بِسۡمِ اللّٰہِ الرَّحۡمٰنِ الرَّحِیۡمِ
In the Name of Allah, the Rahman, the Merciful
Allah, holy and exalted, says
فَاللّٰہُ یَحۡکُمُ بَیۡنَہُمۡ یَوۡمَ الۡقِیٰمَۃِ فِیۡمَا کَانُوۡا فِیۡہِ یَخۡتَلِفُوۡنَ
So Allah will judge between them on the Day of Resurrection concerning that in which they differed
(Surah 2, Ayah 113)
My master the Holy Prophet Muhammad, sall Allahu alaihi wasallam, revealed that the Jews and Christians fragmented into over seventy sects each. Seventy in Arabic idiom is not necessarily literally the number seventy but may simply mean any large number.
In the world of Christendom there are today countless denominations and churches which have fundamental theological and methodological differences among themselves. It is useful to have a basic understanding of the fragmentation of Christianity, the major controversies over which Christians have disputed among themselves and what the position of Islam is on some of those controversies.
Primitive Christianity had disputes over Christology, or the nature of Christ Jesus. The various ecumenical councils anathematized those theologians, bishops or parties that failed to agree with them.
In the Council of Nicea in the year 325, Arianism, the doctrine that Jesus was created by God and therefore had a beginning, was declared heretical.
In the Council of Ephesus held in 431, Nestorianism, the doctrine that Christ has two distinct natures and exists as two different beings, one human and the other divine, and that Mary is only the mother of Jesus the man and should not be called “mother of God”, was declared heretical. Today, the Assyrian Church of the East is the surviving Nestorian denomination that did not go along with the Council of Ephesus.
In the Council of Chalcedon held twenty years later in 451, the polar opposite of Nestorianism, known as monophysitism, the doctrine that Christ has only a single divine nature, was declared heretical.
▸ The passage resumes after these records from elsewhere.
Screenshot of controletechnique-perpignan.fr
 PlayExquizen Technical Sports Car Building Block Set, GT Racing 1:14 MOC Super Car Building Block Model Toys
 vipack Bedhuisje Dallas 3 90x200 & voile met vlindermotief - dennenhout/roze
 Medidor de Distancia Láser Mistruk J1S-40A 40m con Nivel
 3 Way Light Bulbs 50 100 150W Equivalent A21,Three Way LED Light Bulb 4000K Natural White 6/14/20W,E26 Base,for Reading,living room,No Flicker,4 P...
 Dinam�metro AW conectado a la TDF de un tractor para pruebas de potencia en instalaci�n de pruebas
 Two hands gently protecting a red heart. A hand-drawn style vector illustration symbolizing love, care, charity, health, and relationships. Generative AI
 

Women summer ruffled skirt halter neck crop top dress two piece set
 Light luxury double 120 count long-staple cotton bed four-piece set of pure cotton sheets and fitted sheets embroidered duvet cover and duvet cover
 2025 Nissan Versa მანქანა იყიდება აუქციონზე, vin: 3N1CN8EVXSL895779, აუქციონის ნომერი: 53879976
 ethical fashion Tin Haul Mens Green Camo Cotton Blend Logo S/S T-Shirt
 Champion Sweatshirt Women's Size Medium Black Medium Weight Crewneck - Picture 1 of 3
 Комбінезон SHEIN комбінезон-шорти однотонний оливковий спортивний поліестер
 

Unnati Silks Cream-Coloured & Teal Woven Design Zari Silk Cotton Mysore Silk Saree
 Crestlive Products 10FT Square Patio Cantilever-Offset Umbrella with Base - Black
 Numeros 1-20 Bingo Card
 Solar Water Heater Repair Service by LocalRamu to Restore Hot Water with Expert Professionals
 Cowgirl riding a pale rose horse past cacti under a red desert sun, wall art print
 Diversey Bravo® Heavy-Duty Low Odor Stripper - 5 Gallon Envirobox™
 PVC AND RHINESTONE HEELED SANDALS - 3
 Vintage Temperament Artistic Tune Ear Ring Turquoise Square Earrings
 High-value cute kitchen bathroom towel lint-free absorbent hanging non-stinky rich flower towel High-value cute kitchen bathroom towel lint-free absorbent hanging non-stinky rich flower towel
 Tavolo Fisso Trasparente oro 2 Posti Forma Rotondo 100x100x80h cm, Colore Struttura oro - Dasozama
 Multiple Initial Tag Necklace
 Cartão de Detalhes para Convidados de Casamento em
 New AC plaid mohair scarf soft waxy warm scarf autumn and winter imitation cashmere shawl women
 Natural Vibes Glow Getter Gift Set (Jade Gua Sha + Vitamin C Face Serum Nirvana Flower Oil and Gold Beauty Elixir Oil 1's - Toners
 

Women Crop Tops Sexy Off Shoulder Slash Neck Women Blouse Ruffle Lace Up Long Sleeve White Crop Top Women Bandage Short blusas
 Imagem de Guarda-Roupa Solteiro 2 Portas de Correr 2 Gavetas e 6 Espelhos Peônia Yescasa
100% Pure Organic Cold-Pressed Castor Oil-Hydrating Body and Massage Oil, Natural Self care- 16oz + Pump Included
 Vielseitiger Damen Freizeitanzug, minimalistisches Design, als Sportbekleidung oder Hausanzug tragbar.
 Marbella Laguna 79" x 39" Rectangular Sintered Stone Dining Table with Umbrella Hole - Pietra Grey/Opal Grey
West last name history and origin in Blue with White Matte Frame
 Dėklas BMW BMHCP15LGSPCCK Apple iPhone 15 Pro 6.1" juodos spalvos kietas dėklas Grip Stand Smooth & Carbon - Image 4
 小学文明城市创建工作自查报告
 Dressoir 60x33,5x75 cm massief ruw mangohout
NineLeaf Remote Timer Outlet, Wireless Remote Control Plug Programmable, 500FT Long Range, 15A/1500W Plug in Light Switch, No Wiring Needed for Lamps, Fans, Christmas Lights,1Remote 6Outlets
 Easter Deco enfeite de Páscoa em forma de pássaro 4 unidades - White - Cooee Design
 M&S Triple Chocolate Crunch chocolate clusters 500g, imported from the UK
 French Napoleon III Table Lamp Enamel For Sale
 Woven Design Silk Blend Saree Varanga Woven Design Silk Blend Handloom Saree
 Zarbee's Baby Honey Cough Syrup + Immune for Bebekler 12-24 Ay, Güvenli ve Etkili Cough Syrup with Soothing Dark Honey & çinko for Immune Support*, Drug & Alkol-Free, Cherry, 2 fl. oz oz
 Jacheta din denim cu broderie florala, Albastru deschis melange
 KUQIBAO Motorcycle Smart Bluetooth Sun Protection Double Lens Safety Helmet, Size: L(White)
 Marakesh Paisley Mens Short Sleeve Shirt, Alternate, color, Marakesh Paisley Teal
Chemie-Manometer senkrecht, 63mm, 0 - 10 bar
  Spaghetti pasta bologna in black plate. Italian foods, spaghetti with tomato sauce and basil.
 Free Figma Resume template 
The Oriental Orthodox churches today, such as the Coptic, Armenian, Syriac, and Ethiopian churches, dissent from the Council of Chalcedon. They consider themselves miaphysites, believing Christ has a single nature that is both human and divine.
But the majority of Christians today (Roman Catholic, Eastern Orthodox and mainline Protestant) are Chalcedonian, believing that Christ has two natures, human and divine, united in a single being or hypostasis.
Yet all three of these branches (Chalcedonian, Miaphysite and Nestorian) subscribe to the doctrine of the Trinity, which is condemned by Islam as polytheistic:
لَقَدۡ کَفَرَ الَّذِیۡنَ قَالُوۡۤا اِنَّ اللّٰہَ ثَالِثُ ثَلٰثَۃٍ ۘ وَمَا مِنۡ اِلٰہٍ اِلَّاۤ اِلٰہٌ وَّاحِدٌ
Those who say Allah is the third of a trinity have surely disbelieved. There is no god except the one God
(Surah 5, Ayah 73)
In the Trinity, the person whom Christians refer to as “God the Father” is in fact Allah, the one true God. Islam, therefore, teaches that God is a single person, and multiplicity of divine persons is nothing but polytheism. Jesus Christ is human not divine, he was created by God and is a mortal.
As for Arianism, while it is certainly closer to Islam than Nicene Christianity, it still conceives of Christ as a divine being in some sense, while acknowledging him as a creation of God with a beginning. While Arius taught Jesus was the first and greatest creation of God, we Sunni Muslims believe this honor belongs to the Prophet Muhammad, peace be upon him and his family.
In 1054, the Great Schism occurred resulting in the split between the Roman Catholic and Eastern Orthodox Churches. Though the schism was essentially ecclesiological, particularly the dispute over the primacy of the Pope (whom the Eastern Orthodox regarded as merely the Bishop of Rome on par with the other Bishops), the controversy regarding the Filioque was central to the theological disputation between the two sides. Catholics, and by extension most Protestants, say that the Holy Spirit proceeds from both the Father and the Son, while the Eastern Orthodox say it proceeds only from the Father. In this dispute, Islam agrees with the Eastern Orthodox position that the Holy Spirit proceeds from God alone and not from Christ Jesus.